I do find a slight skeptic in Pete Valdez, an elderly man from Queens who urges that I attend other seminars and don't commit "just yet."
It's frankly amazing, and quite depressing, that in this era of information overflow, so many people still employ so little due diligence when tempted by propositions that fit the dictionary definition of "too good to be true." One of the first hits for a quick Google search on the Robert Allen Institute is at ripoffreport.com, a site dedicated to complaints about frauds, scams and unscrupulous businesses. Here you will find a long and sad list of people from all over the country who also had hopes of learning how to house-flip their way to millionaire status.
"They take your money and then won't give it back, even though they promise you a refund if you don't succeed," reports Patti, of Elmwood Park, Illinois. "I personally put $15,000 on my credit card, under the idea of making that money back with my first house deal, that hasn't happened and won't happen anytime soon. Now I can't even get a loan for a house because I have too much debt, and I'm in a hole so deep I can't get out."
"I have gone in to debt with my credit cards and wasted the little money I had in the bank account, and my family's money as well," reports Andres from Dallas, Texas. "The Robert Allen Institute has put my family and I through so much stress I don't know what else to do anymore!"
Then again, maybe this isn't so surprising, after all human behavior is driven as much or more by emotion and wishful thinking than informed decision-making, despite what we often tell ourselves. And given the collapsing economy, I wonder how many attendees of the "real estate riches" workshop at the Roosevelt Hotel are worried about keeping up on their own mortgage payments, or how many are only a few months away from foreclosure themselves.

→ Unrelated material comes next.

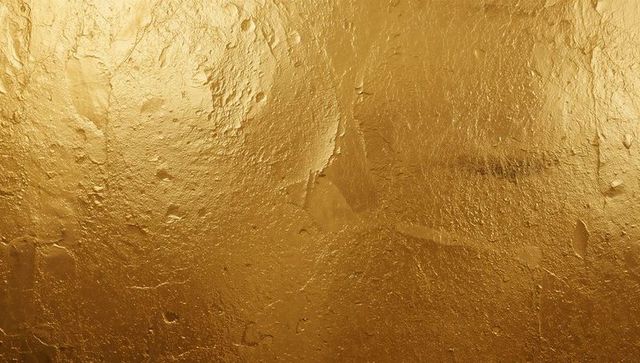 Close-up of luxury gold textured surface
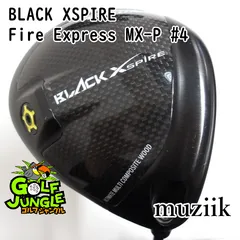 【中古】ドライバー ムジーク BLACK XSPIRE Fire Express MX-P #4 R 10.5 ドライバー 地クラブ カスタム カーボンシャフト おすすめ メンズ 右[4204]のサムネイル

Or perhaps they're just looking for a little good news. I did notice that many of the people leaving the seminar seemed energized and invigorated, their confidence restored in the miracle making abilities of our laissez faire system despite all the negative news. And in this bold new era, who can blame them for not wanting to be left behind. While Flip This House continues to air on A&E to a devoted following, the way things are going, maybe it's only a matter of time before some plucky TV producer launches Flip or be Flipped, the newest cutthroat reality show for the Great Recession.